# Just a little something to brighten people's days



## GorbyJobRabbits (Mar 16, 2011)

Helloo:






hey





hey





Look how cute I am =)





what's in here?





What's in here?





What's in here?





What's up there?





what's this?





time for a bath!





all pretty


----------



## BaileysMom (Mar 16, 2011)

Oh my how adorable, I just want to massage the base of their ears for them, I bet they would love it also.


----------



## amdfarm (Mar 16, 2011)

They are soooooo cuuuuttteee!!!!! They just look like they'd be cuddly, darnit!!!! I love the broken one, of course... as if you didn't know that! HA


----------



## nochoramet (Mar 16, 2011)

Oh my goodness how cute! I want an elop so bad now, after hearing how playful they are! They are adorable


----------



## buns2luv (Mar 16, 2011)

Adorable!!


----------



## mistyjr (Mar 16, 2011)

awwe, they are cute


----------



## Jashaira (Mar 16, 2011)

Very cute buns there. Love Elop faces you just want to kiss there little noses.


----------



## Jynxie (Mar 16, 2011)

Those are SO cute.

I d'awwwwed all over the place.
I love their giant ears.


----------



## TinysMom (Mar 16, 2011)

Elops rock!


----------



## wabbitmom12 (Mar 16, 2011)

WHAT TINYSMOM SAID!


----------



## Sweetie (Mar 17, 2011)

ADORABLE!


----------



## Kipcha (Mar 17, 2011)

Adding them to my bunny napping list. Check!
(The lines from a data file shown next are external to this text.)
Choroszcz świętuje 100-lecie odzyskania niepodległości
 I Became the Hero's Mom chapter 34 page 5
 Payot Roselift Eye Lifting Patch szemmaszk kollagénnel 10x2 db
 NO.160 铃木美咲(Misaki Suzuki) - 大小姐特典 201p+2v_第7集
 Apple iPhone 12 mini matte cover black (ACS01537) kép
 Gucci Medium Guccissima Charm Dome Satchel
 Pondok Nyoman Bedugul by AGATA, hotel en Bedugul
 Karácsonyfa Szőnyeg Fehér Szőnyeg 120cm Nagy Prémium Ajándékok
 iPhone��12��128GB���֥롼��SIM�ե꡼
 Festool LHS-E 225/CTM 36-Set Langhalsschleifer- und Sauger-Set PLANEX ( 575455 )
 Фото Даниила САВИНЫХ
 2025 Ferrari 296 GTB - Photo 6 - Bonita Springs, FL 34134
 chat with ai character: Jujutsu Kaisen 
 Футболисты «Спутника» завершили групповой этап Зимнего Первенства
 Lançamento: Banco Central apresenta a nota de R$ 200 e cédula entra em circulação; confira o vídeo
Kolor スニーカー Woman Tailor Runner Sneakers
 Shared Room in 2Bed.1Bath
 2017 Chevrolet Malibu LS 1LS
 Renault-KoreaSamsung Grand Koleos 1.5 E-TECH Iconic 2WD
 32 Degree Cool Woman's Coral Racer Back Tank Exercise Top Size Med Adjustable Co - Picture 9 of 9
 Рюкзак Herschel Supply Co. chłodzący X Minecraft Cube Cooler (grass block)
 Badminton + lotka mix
Sooooo adorable~~ If I wasn't in over my head with bunnies already, it would be tempting to look into an e-lop, but alas, I can only handle so many~~


----------



## Nela (Mar 17, 2011)

Lol too cute!


----------



## CiaraPatricia (Mar 17, 2011)

They're so adorable  I'd love some of them some day, they're just so so cute!


----------



## lyndor (Mar 17, 2011)

Awwwwww the one with the cat is amusing!


----------



## Nancy McClelland (Mar 17, 2011)

veeeeeeeery cuuuuuuuuuuuute! What is it with rabbits and shoes?


----------



## Bluesmaven (Mar 17, 2011)

so precious!!!!!!!!!!!!!!


----------



## GorbyJobRabbits (Mar 17, 2011)

*Nancy McClelland wrote: *


> veeeeeeeery cuuuuuuuuuuuute! What is it with rabbits and shoes?



it's like allll young animals have a fascination with shoes for some reason. These two had to check EVERYTHING out. Im' 100% positive there is no where in this house they haven't searched.


----------



## youngcrazycatwoman (Mar 19, 2011)

The photo with the cat is absolutely adorable.


----------



## PickleJuice (Mar 22, 2011)

ELops are my favorite! Love Love Love these pics!!!


----------



## jujub793 (Mar 22, 2011)

super cute!!!:inlove:


----------



## pet_lover48 (Mar 22, 2011)

Wow, they are so cute, especially that first pic! 

I'd love to have eventually have an Elop myself.


----------



## rtvarnell (Mar 23, 2011)

I sit and wait for my new elop. Just few more days till she is ready to leave her mama.


----------